Gestern hat Obama die jährliche Rede zur Lage der Nation gehalten.

Es handelt sich um ein Stück Polittheater, dass seit Präsident Wilson jeder Präsident jährlich vor versammeltem Kongress mitspielt. Vorher wurde der Bericht meist als schriftlicher Rapport eingereicht (hier die vollen sieben Seiten vom ersten Bericht zur Lage der Nation überhaupt, verfasst von George Washington). Das ganze geht zurück auf einen Verfassungsartikel der verlangt, dass der Präsident von “Zeit zu Zeit” einen Zustandsbericht zur Lage der Nation abhält.

Politisch haben diese Reden meist nur einen sehr beschränkter Einfluss. Sie werden aber oft als Fenster betrachtet, durch welches man erspähen kann, was die Administration im kommenden Jahr so plant und wo sie meint, die Prioritäten setzen zu wollen. Trotz der Aufregung um die Rede bleibt das meiste kaum im politischen Kurzzeitgedächtnis hängen (wer erinnert sich zum Beispiel, dass Bush 2008 sich dem Klimawandel und dem Budget annehmen wollte?).

Ein Kabinettmitglied wird während der Rede unter präsidiale Schutzmassnahmen gestellt und hält sich an einem geheimen Ort auf, sollte der ganzen Landesführung, die sich im Capitol aufhält, etwas zustossen. Dies ist der sogenannte designated survivor. Angeblich gibt es auch eine Rumpflegislatur, die Bereitschaftsdienst hat.

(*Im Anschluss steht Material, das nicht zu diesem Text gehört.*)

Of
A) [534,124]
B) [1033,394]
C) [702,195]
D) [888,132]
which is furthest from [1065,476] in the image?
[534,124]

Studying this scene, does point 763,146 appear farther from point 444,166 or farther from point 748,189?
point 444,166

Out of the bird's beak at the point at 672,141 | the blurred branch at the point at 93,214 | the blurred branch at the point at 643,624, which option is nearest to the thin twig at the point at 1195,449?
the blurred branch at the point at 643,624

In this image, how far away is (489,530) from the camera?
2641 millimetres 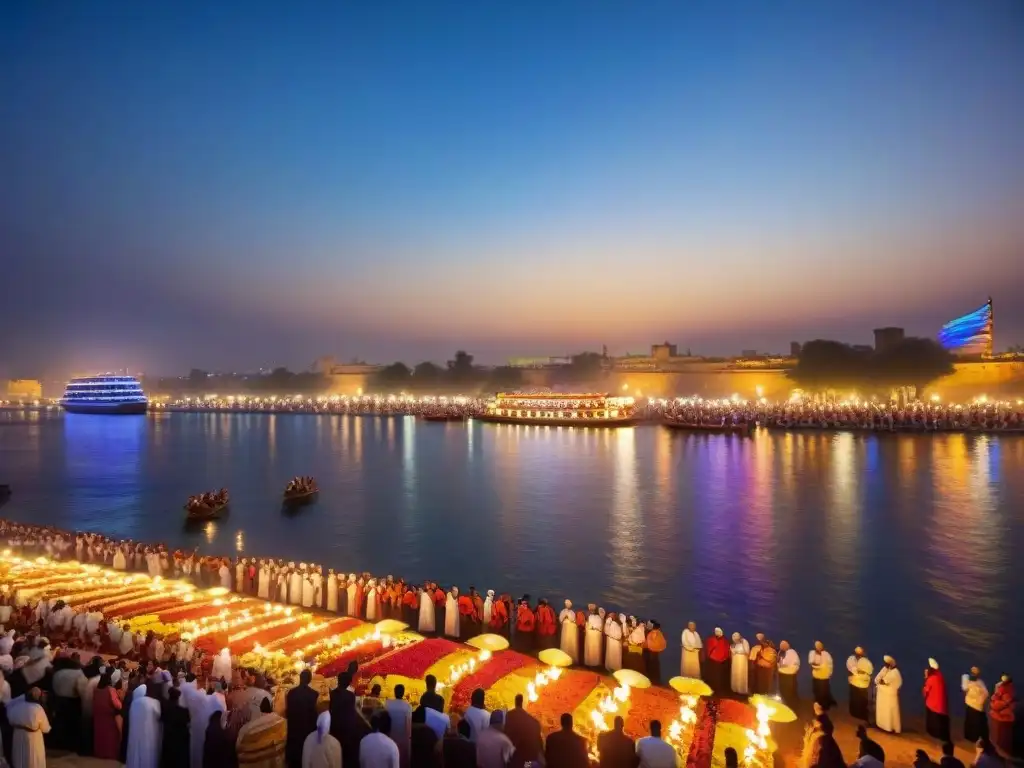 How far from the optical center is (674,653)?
514 inches

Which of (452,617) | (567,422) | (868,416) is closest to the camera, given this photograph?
(452,617)

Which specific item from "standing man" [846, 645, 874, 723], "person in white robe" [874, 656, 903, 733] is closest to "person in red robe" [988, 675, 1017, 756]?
"person in white robe" [874, 656, 903, 733]

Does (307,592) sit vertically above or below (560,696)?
below

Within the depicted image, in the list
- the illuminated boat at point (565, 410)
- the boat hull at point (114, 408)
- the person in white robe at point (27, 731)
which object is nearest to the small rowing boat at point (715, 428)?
the illuminated boat at point (565, 410)

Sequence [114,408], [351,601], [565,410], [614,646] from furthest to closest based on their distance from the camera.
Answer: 1. [114,408]
2. [565,410]
3. [351,601]
4. [614,646]

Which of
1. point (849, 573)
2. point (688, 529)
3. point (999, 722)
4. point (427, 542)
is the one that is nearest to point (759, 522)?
point (688, 529)

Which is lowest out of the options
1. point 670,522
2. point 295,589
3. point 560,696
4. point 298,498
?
point 670,522

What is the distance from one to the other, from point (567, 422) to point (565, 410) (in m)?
2.39

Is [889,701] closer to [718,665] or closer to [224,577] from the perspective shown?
[718,665]

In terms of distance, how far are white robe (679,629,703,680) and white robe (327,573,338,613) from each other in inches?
305

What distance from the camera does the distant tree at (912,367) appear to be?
3280 inches

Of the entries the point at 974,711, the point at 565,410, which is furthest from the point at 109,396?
the point at 974,711

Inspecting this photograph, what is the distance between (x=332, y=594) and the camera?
14.4 metres

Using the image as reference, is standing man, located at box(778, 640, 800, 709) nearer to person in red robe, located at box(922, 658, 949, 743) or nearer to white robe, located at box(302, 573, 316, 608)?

Die Rede wird von grossen Teilen der Bevölkerung mitverfolgt (was den Anreiz zum theatralischen vermutlich für Politikerinnen und Politiker noch vergrössert). Manche nehmen es auch mit Humor, so geisterte gestern zum Beispiel ein Trinkspiel für die State of the Union Rede durchs Netz oder aber die Bingo Karten vom Atlantic. Unterhaltsam ist auch der historischer Rückblick, welche Wörter wie oft in der Vergangenheit in diesen Reden verwendet wurden. Hier ist die BBC und hier die New York Times am Wörter zählen.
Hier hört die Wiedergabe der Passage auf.